Which is why they need to break that constraint — to breach that Constitutional check on their power. Because it is the separation of powers — and the GOP’s control of the People’s House — that is preventing them from finishing a coup in which a constitutional republic is turned into a de facto monarchy.
So here’s what we must teach those who are not politically engaged:
1) the threat of a “default” is a lie, because revenues exceed interest payments and payments for essential government functions; the phrase “economic shutdown” is also a manufactured lie based around this false threat of default.
2) authorization by Congress does not give the President permission to spend. Authorization merely allows for the existence of an entity or program as approved by Congress. It doesn’t guarantee or imply a guarantee of funding.
3) appropriation is the way authorized programs and entities are funded. Before the move to CRs (without budgets) and before that, omnibus budgets (rather than individual appropriations), this was the way government was funded: by individual appropriations. We are seeing the House now attempting to fund programs using this method. But House Democrats or Senate Democrats are blocking it, hoping to bring us to the debt ceiling debate, where they wish to claim a 14th amendment directive requires that they circumvent Congress.
4) It is the job of the Treasury and the President, in the event we reach the debt ceiling, to prioritize our payments: again, we have the revenue to avoid default, so default only happens if the President and the Treasury Secretary refuse to prioritize. The language of the 14th amendment also requires that the President, having run up against a spending limit, meet with Congress to determine cuts to prospective spending so that the government does not exceed its debt limit as determined by Congress.
5) The attempt to demonize a “faction” of Americans who are arguing for fiscal responsibility and constitutional identity must be met with push back. We cannot shrink from this fight.
The bottom line is this: should the President acquire the power to unilaterally raise the debt limit, a key Congressional check on Executive power is obviated. And at that point, we are no longer living in a constitutional republic. The trappings of one will be maintained.

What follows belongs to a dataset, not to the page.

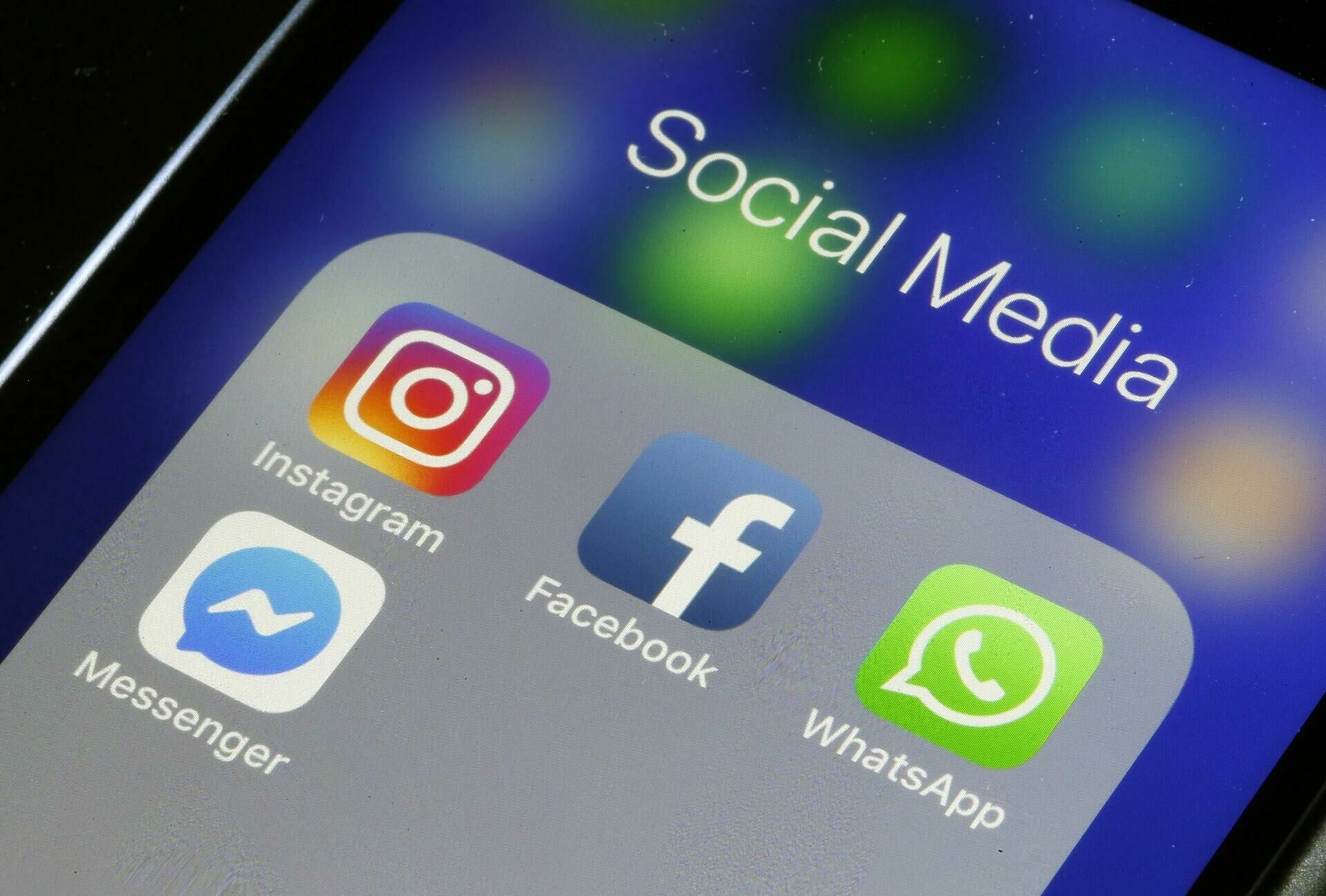 Пользователи пожаловались на сбой в работе Facebook, Instagram и WhatsApp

But we will be living under a despot, and the progressive coup will have been completed.
What takes place after that — be it a movement within the states to hold a state convention to fight federal overreach, or something else — is anyone’s guess.

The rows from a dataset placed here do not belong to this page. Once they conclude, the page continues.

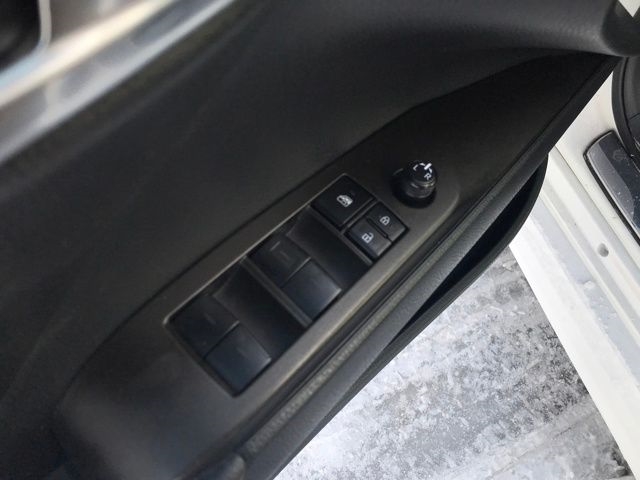 Toyota Camry SE 2023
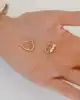 Taş Detaylı Altın Halka Küpe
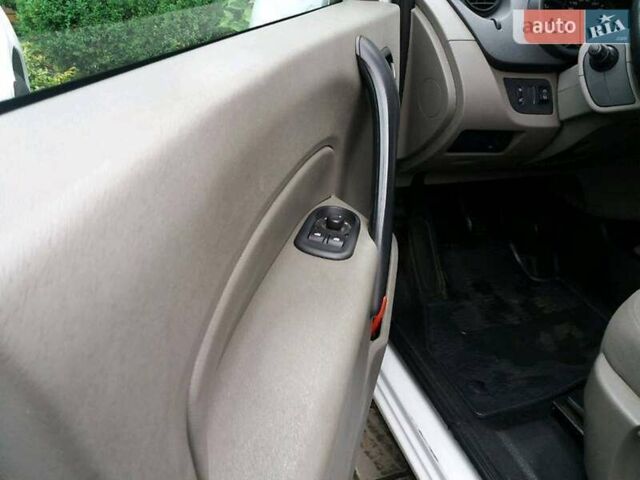 Белый Рено Кенгу, объемом двигателя 1.5 л и пробегом 415 тыс. км за 4600 $, фото 24 на Automoto.ua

But what is inarguable at that point is this: the “good man” Obama will have completed his “fundamental transformation,” and those who gave him aid and cover are complicit in the overthrow of the US as founded.

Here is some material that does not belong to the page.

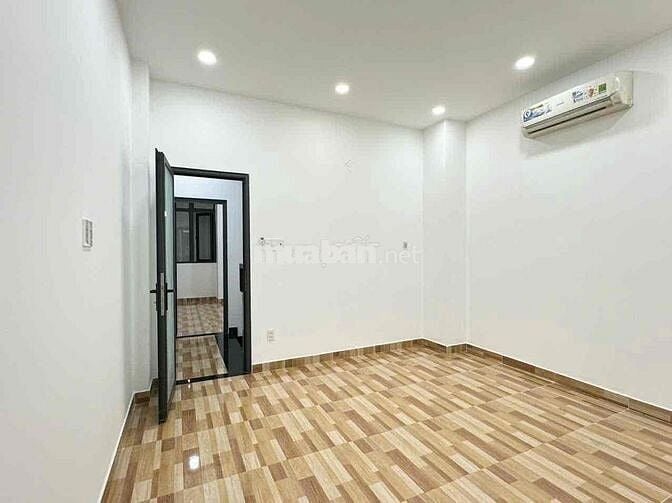 Nhà Mới Xây 100% DT 180m2 1Trệt 2Lầu 3Pn 3Wc Sân Thượng Hẻm Xe Tải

Honestly, if I could find a 300-million-person mailing list, I’d send this post out to everyone on it.
But alas, I’m not the IRS or the NSA. So you all are going to have to teach your friends, acquaintances, family members, etc., about what is going on, and you’re going to have to show them how to identify and rebuke the sophistry of the academics, the media, and the administration — as well as complicit statist Republicans — if we have any chance of resisting what is essentially the move that will end the republic as founded.
(For more on all this — including a rebuke to those “nuanced” GOPers who have insisted that Obama the man is not bad, rather his policies are — download Mark Levin’s Oct 3 podcast.)